- [Task details] From the first line of the data through the line containing "Elegant Blue Swirl", transcribe each line exactly. Pictures do not belong in the copy.

- [Provided material]
□ □ □
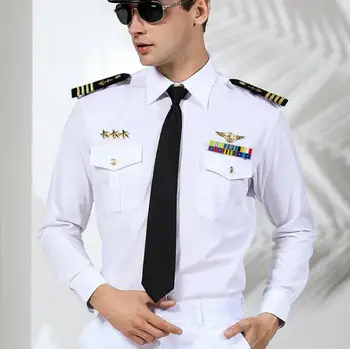 Белая темно-синяя рубашка, мужская весенняя блузка с длинным рукавом, с лентой, Военная форма США, рабочий капитан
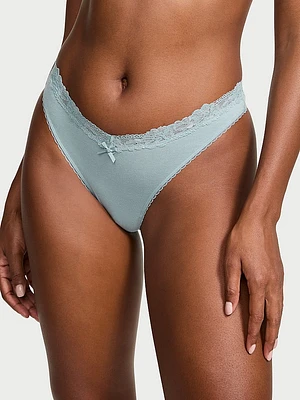 Stretch Cotton High-Leg Scoop Thong Panty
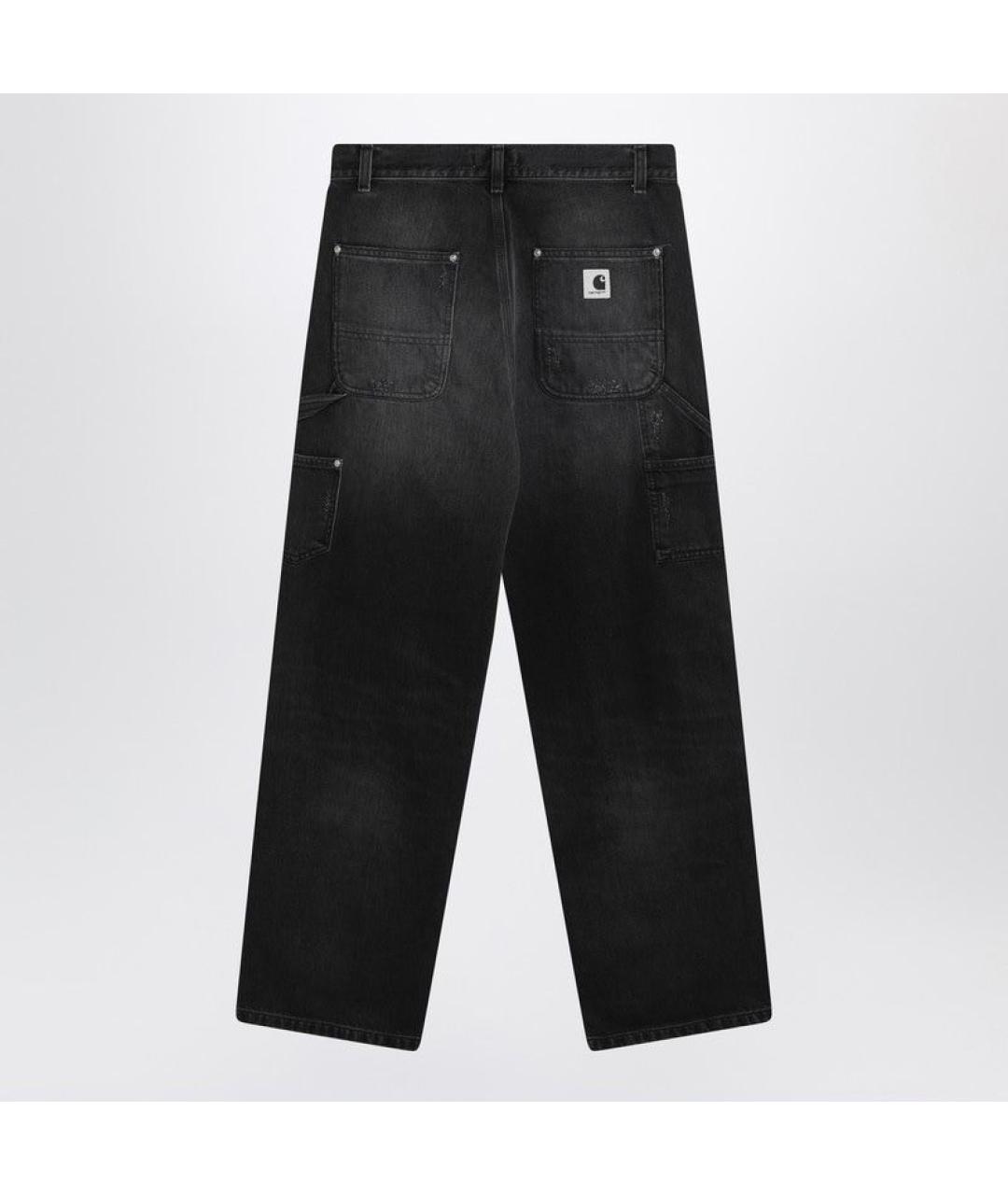 CARHARTT WIP Черные хлопковые прямые брюки, фото 2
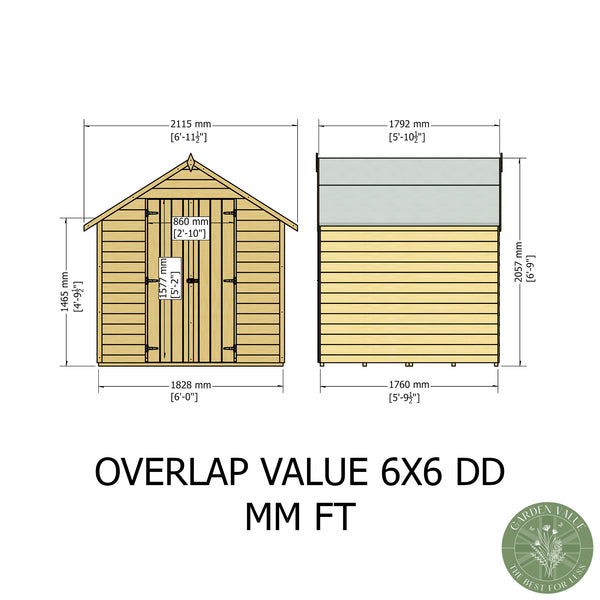 Overlap Double Door 6x6 Storage Shed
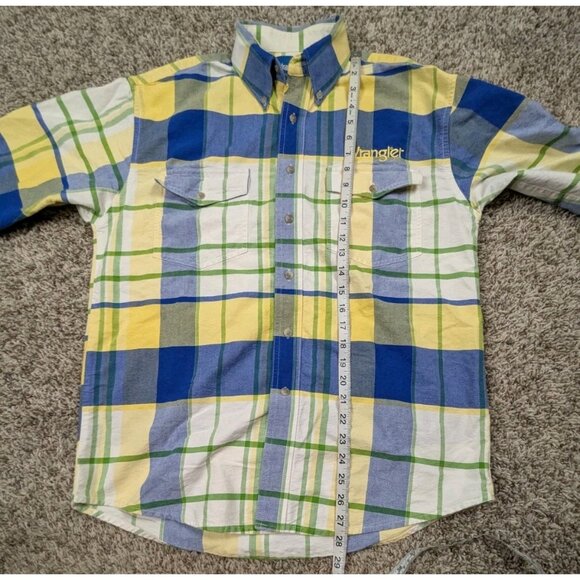 Vintage Wrangler Button Down Shirt Mens Medium Yellow Plaid Sleeve Spellout - Picture 8 of 8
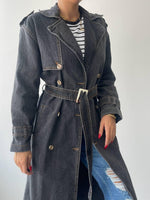 Lange Jeansjacke „India“ mit Gürtel 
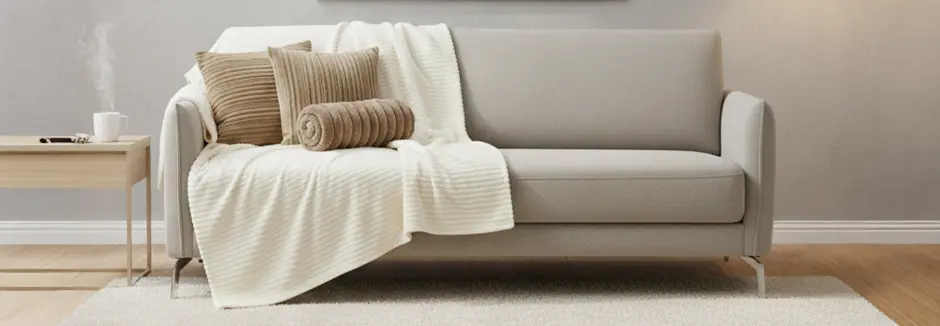 Helles Wohnzimmer mit grauem Sofa, Kissen und Decke, Beistelltisch und Stehlampe.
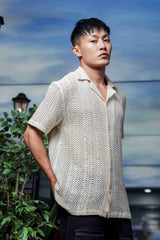 Unisex Relaxed Fit Patterned Cotton Crochet Textured Resort Shirt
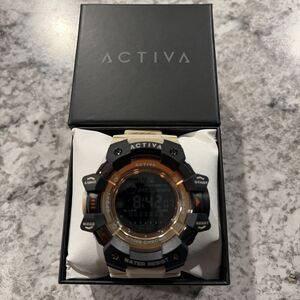 Activa x Invicta Digital Sport Watch Tan Strap Backlight NWT ACW8020-002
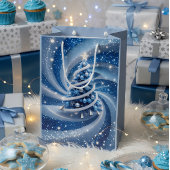 Elegant Blue Swirl Christmas Tree Gift Bag Medium Cadeauzakje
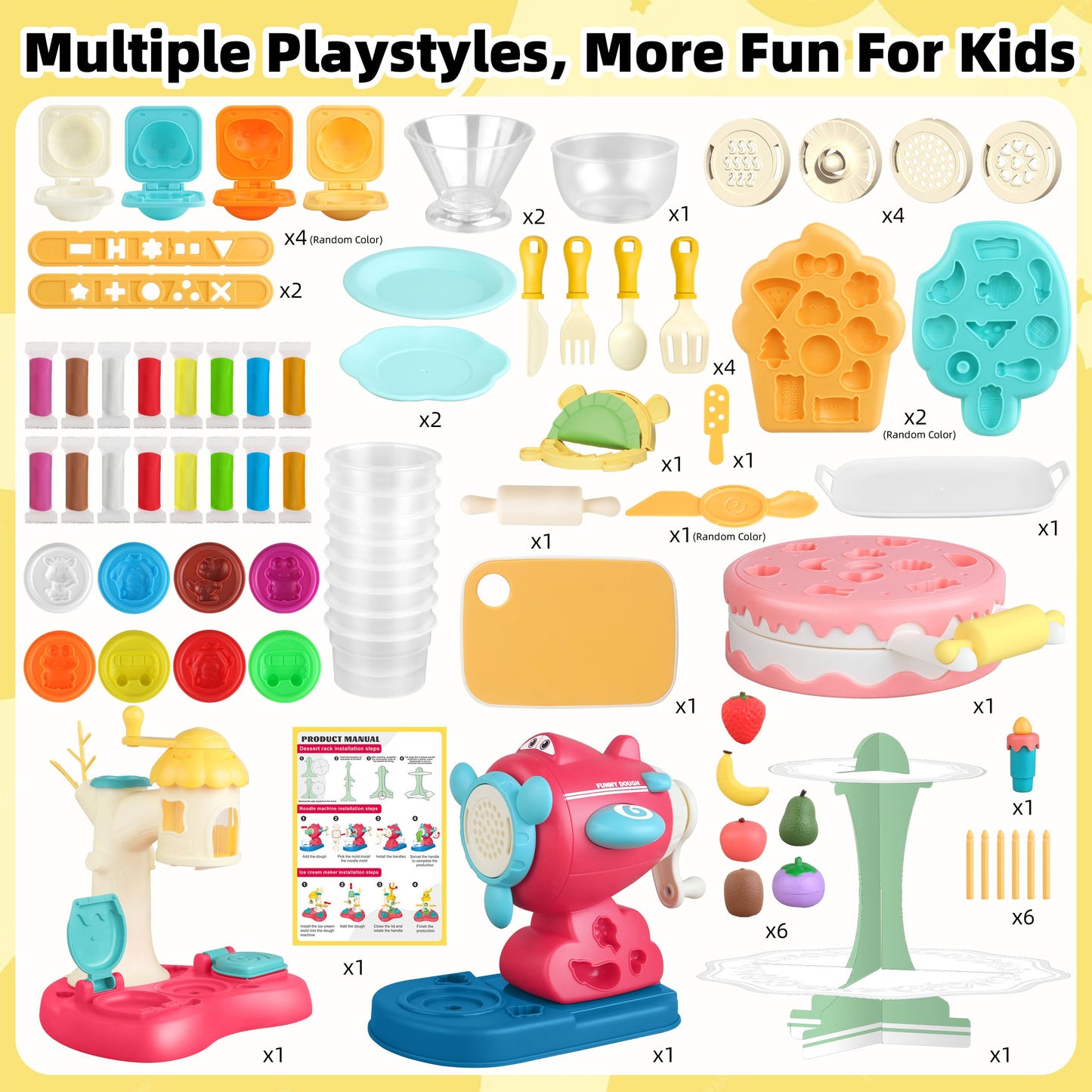 Kaelinda 77 Pcs 4-in-1 Playdough Set for Kids 2-8 – Ice Cream, Noodle, Cake & Hamburger Molds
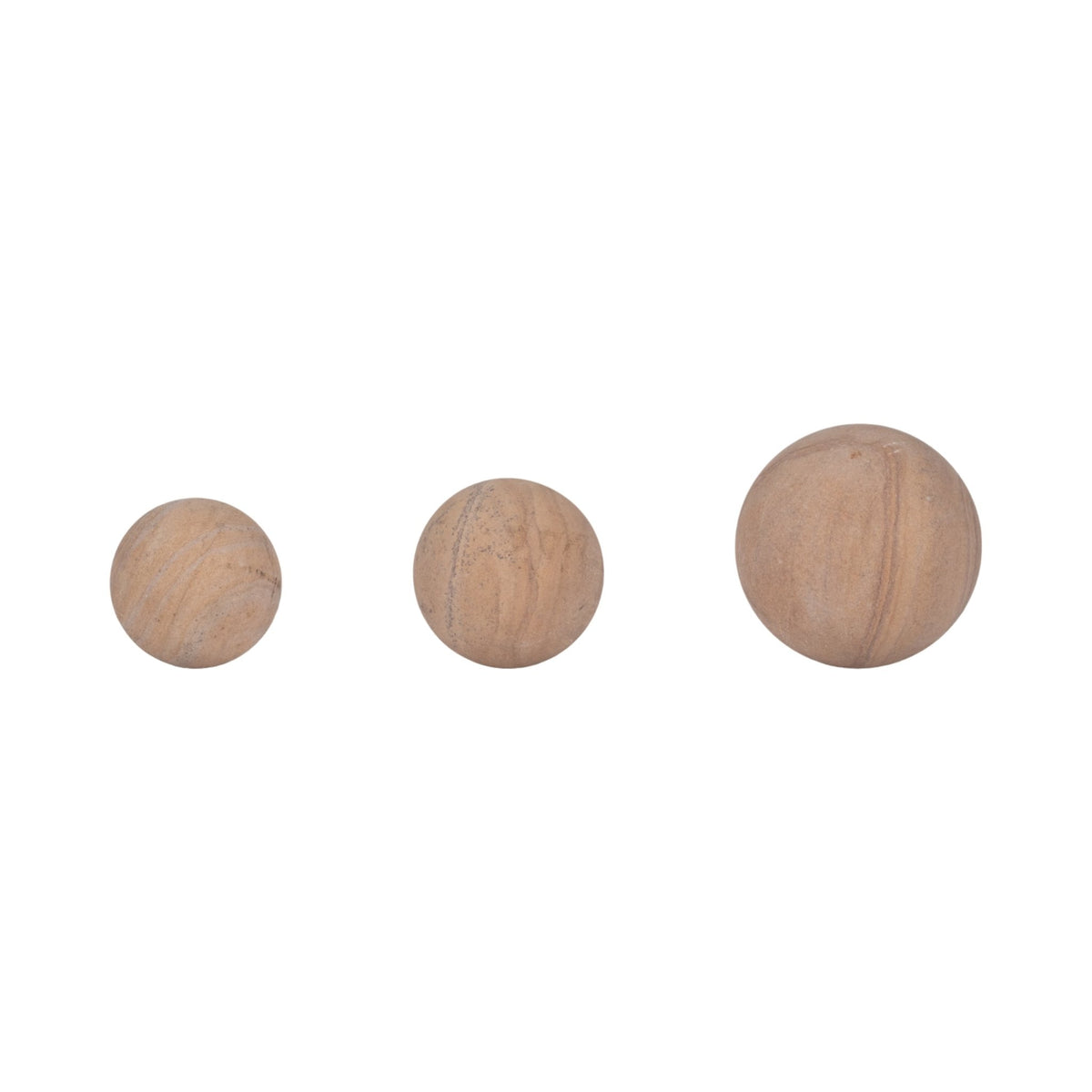 S/3 3/5" MAVERICK SANDSTONE SPHERES, NATURAL Table Decors| Sagebrook Home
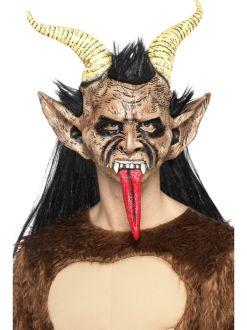 Maska - Čert Krampus s rohy a jazykem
□ □ □
- [Exercise output]
 Белая темно-синяя рубашка, мужская весенняя блузка с длинным рукавом, с лентой, Военная форма США, рабочий капитан
 Stretch Cotton High-Leg Scoop Thong Panty
 CARHARTT WIP Черные хлопковые прямые брюки, фото 2
 Overlap Double Door 6x6 Storage Shed
 Vintage Wrangler Button Down Shirt Mens Medium Yellow Plaid Sleeve Spellout - Picture 8 of 8
 Lange Jeansjacke „India“ mit Gürtel 
 Helles Wohnzimmer mit grauem Sofa, Kissen und Decke, Beistelltisch und Stehlampe.
 Unisex Relaxed Fit Patterned Cotton Crochet Textured Resort Shirt
 Activa x Invicta Digital Sport Watch Tan Strap Backlight NWT ACW8020-002
 Elegant Blue Swirl Christmas Tree Gift Bag Medium Cadeauzakje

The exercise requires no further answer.